• [Information provided]:
---

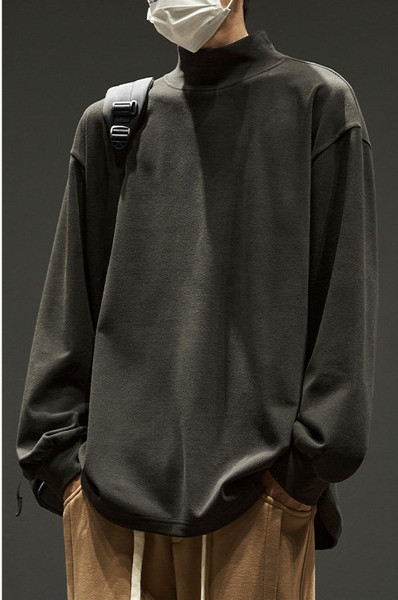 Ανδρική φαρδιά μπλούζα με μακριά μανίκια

---

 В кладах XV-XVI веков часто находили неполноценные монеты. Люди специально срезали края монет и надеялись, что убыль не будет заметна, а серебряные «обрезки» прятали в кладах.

---

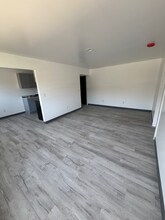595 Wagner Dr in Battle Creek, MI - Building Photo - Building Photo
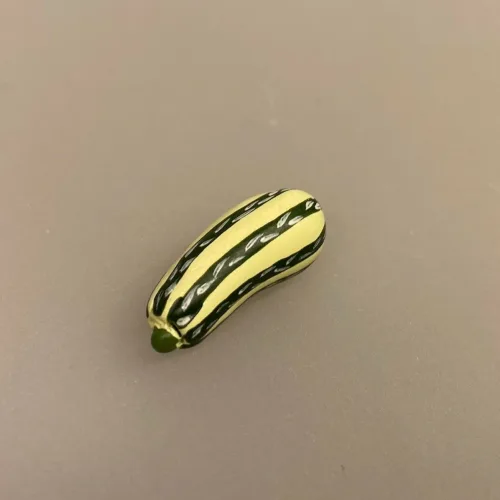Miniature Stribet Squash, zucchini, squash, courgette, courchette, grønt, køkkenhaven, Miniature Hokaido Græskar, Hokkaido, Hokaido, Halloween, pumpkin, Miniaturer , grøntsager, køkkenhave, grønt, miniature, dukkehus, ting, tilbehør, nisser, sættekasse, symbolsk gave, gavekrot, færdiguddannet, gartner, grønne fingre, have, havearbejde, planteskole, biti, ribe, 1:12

---

• [Work instruction]: Range to copy from the listing above: the line with "595 Wagner Dr" through the line with "biti, ribe, 1:12". Transcribe it exactly and skip the pictures.

• [Response for this exercise]:
595 Wagner Dr in Battle Creek, MI - Building Photo - Building Photo
Miniature Stribet Squash, zucchini, squash, courgette, courchette, grønt, køkkenhaven, Miniature Hokaido Græskar, Hokkaido, Hokaido, Halloween, pumpkin, Miniaturer , grøntsager, køkkenhave, grønt, miniature, dukkehus, ting, tilbehør, nisser, sættekasse, symbolsk gave, gavekrot, færdiguddannet, gartner, grønne fingre, have, havearbejde, planteskole, biti, ribe, 1:12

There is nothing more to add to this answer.